This “ultraemitter” event made the news because of the extraordinary amount of methane released by the leak in such a short period of time. But these types of events are actually quite common, and while individual leaks rarely reach the magnitude of Energy Transfer’s, there are hundreds if not thousands of oil and gas facilities constantly leaking across Texas. A recent Associated Press investigation with researchers from Carbon Mapper, for example, identified more than 500 “superemitting” sites in the Permian Basin using infrared cameras to film methane escaping from flare stacks, pipeline compressors, and other parts of the gas production system.

According to the Texas Commission on Environmental Quality (TCEQ), the governing agency with jurisdiction over these leaks—and where I worked as an investigator from 2015 to 2022—an emissions event is defined as “unauthorized emissions of air contaminants from a single emissions point at a regulated entity.” 

Because of the way reporting rules are designed, many emissions events fly under TCEQ’s radar. 

The system incentivizes oil or gas facility owners and operators to minimize the appearance of any violations, leaving it up to them to report to the state when something goes wrong. Only rarely do TCEQ investigators consider reported leaks to be “excessive” under the state’s extremely lenient definition, calculated by dividing the total hours of the emissions event by the estimated operating hours per year—taking into account the length of the event and ignoring its severity. In the 2021 fiscal year, according to TCEQ’s annual enforcement report, 5,362 incidents were reported as “excess emissions events,” but the regulator issued findings in only 16 percent of those cases. Of those, it ordered corrective measures in only 19. 

In Webb County, no incident in the past six years has been classified as excessive, including the Energy Transfer leak in April. 

This policy of official ignorance comes from the top. A decade ago, at the height of oil and gas hydraulic fracturing, or fracking, regions like Midland in the Permian were overwhelmed with methane leak reports. TCEQ simply never investigated many of those emissions events, and then eliminated the backlog by transferring open investigations to other regions, including 40 cases to Region 16 in Laredo, where I was an investigator. We were directed to close them all out as soon as possible, even though they were from five, seven, or 10 years prior. 

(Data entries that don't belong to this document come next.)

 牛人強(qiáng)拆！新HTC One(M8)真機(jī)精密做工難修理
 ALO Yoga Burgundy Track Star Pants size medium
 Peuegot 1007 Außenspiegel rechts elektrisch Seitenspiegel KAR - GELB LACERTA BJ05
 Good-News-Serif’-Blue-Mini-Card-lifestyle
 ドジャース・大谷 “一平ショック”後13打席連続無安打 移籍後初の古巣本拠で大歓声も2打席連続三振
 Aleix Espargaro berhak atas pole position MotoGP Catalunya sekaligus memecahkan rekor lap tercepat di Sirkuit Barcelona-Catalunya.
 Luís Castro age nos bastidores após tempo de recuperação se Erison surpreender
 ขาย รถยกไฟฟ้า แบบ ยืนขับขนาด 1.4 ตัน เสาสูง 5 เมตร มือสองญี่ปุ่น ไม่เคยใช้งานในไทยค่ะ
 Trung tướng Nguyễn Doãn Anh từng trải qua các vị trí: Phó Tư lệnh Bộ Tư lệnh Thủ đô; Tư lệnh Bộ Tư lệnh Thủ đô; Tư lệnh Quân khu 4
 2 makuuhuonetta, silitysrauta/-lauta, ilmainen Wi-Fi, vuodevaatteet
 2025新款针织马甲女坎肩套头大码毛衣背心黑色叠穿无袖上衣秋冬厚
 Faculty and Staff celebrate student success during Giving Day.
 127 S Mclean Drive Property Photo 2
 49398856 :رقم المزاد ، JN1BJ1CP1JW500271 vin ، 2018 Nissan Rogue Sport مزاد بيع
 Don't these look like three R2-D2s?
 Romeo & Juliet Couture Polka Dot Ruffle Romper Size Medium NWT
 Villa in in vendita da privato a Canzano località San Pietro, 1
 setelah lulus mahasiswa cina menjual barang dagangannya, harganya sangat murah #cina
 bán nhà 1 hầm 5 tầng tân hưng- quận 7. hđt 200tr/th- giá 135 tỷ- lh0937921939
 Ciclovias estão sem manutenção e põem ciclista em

Essentially, we were told to sweep real problems under the rug and mislead the public about the type and quality of work TCEQ is supposed to do.

Texas’s energy sector is one of the most significant contributors to human-caused methane emissions in the world. Webb sits over the Eagle Ford Shale—part of the Gulf Coast Shale Basin, which has the second-highest methane emissions in the U.S. and the third-worst total greenhouse gas emissions. The nearby Permian Basin in West Texas and eastern New Mexico has methane emissions nearly equivalent to those of the Gulf Coast Shale Basin and the second-worst overall emissions.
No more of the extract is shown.